# did 30 seconds cutting steel at standard speed ruin by band saw blade?



## dansawyer (Apr 14, 2019)

The band saw is a 30 year old Craftsman 12 inch. Life time use is less that 10 hours. I had forgotten about steel requiring a speed reducer. I purchased a 80" (6' 8") x 1/2" x 14tpi Imachinist Metal Cutting Bi-metal M42 blade. I proceeded to cut a single 3/8 inch diameter steel rod. The cut went smoothly and quickly. I was satisfied I had solved by steel cutting problem. 
I then was distracted by another project and moved on. To get to the point the next project with the band saw was to cut a 3/8 by 3 inch piece of 6061 aluminum. This was a disaster. The saw cut very slowly; less than an inch per minute. The aluminum became very hot. 
Did I ruin the blade with the single steel cut? Is this the wrong blade? 
The blade still eels sharp. I have been cutting steel with bi-metal reciprocating saw. Those blades seem to last for about 1 square inch before they noticeably feel dull. The band saw blade feels more like the unused end of the cut off blade then the worn cutting area. 
Videos show band saws ripping through aluminum like it was wood.


----------



## kb58 (Apr 14, 2019)

For steel, it's typically 150-200 fpm, while aluminum is up around 1000-2000 fpm - note the huge difference in speed.

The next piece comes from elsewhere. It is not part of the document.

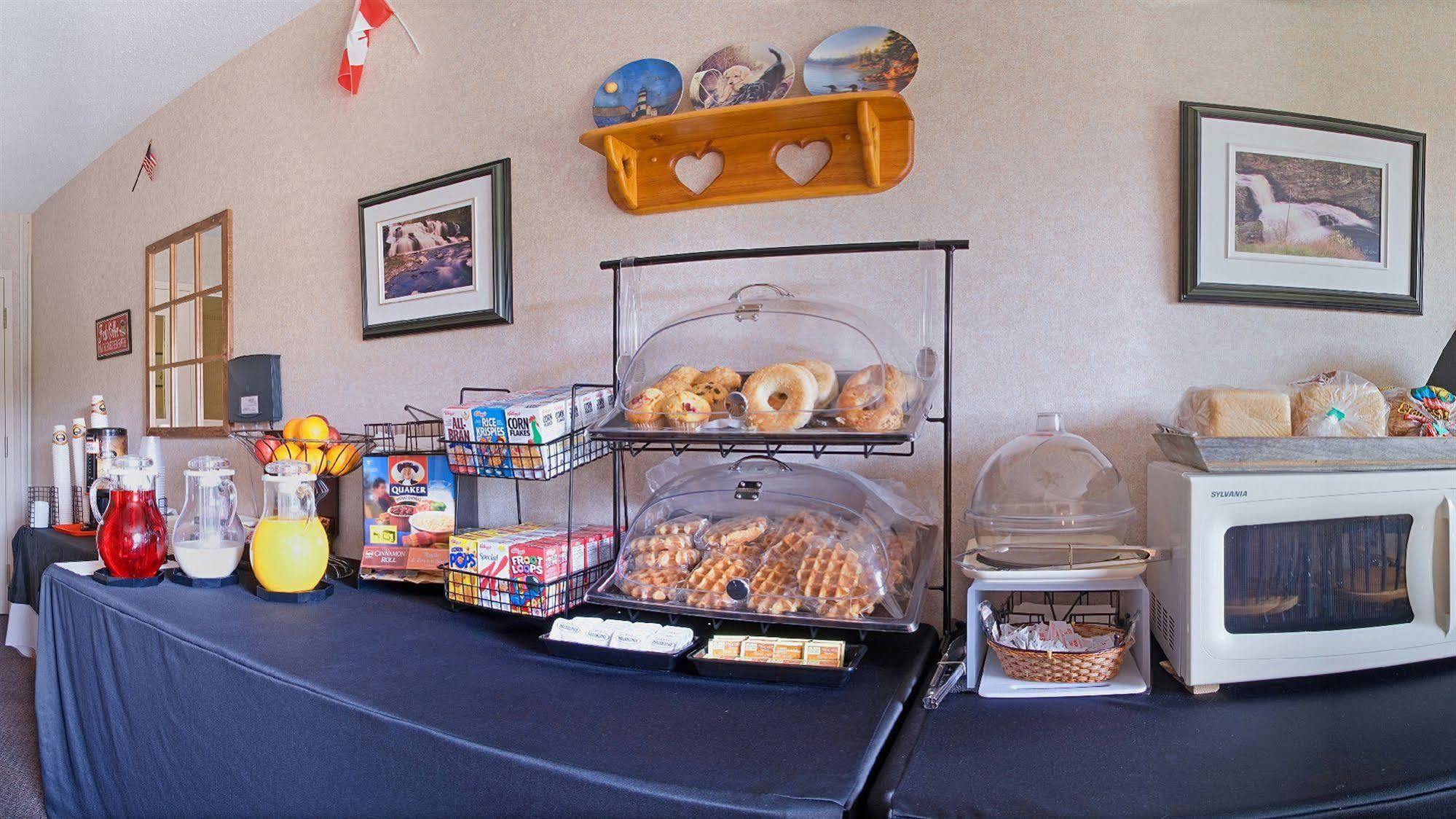Rodeway Inn Saint John Exterior foto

Also, a fabricator told me that with most mild steels (depending upon source and quality) it's a gamble what's in it. They melt down all sorts of steel, including ball bearings buried in donor material. If one of those isn't completely melted, and you try sawing through it, yeah, it can get ugly. I've run into something like that myself, where it was cutting just fine, then just stopped. Cut in the other way and it stopped at nearly the same point. Just sayin'

Oh, and don't overlook tooth type and count. The rule of thumb is 2-3 teeth on the material at all times, so if you're cutting sheet, that needs 14-18 tpi, but for 3/8"-thick material, it's only 8 tpi. Admittedly, using the wrong count doesn't hurt, but very much affects cutting speed and whether the blade tends to load up (remember, add wax when cutting aluminum).


----------



## Cobra (Apr 14, 2019)

If you had the blade speed set for wood, then yes, likely the blade is toast.


----------



## projectnut (Apr 14, 2019)

Blade speeds for cutting metals generally much slower than wood.  My horizontal metal saw has speeds of 60, 100, and 160 feet per minute.  The harder the metal the slower the speed.  If the bandsaw you are referring to is a wood saw the blade speed is an all likelihood too fast.  Standard wood saws have a blade speed between 1,500 and 3,000 ft. per minute.  At the very minimum you knocked the set off the teeth, but if you are running at the speed required to cut wood you probably ruined the blade.
As for the tooth count.  The rule of thumb is a minimum of 2-3 teeth in contact with the material and a maximum of 24 teeth.  With less than than minimum number of teeth are engaged you're likely to knock a tooth off the blade.  With more than the maximum number of teeth engaged you're likely to fill the gullets and cause the blade to slip on the wheel, pop off the wheels, or break.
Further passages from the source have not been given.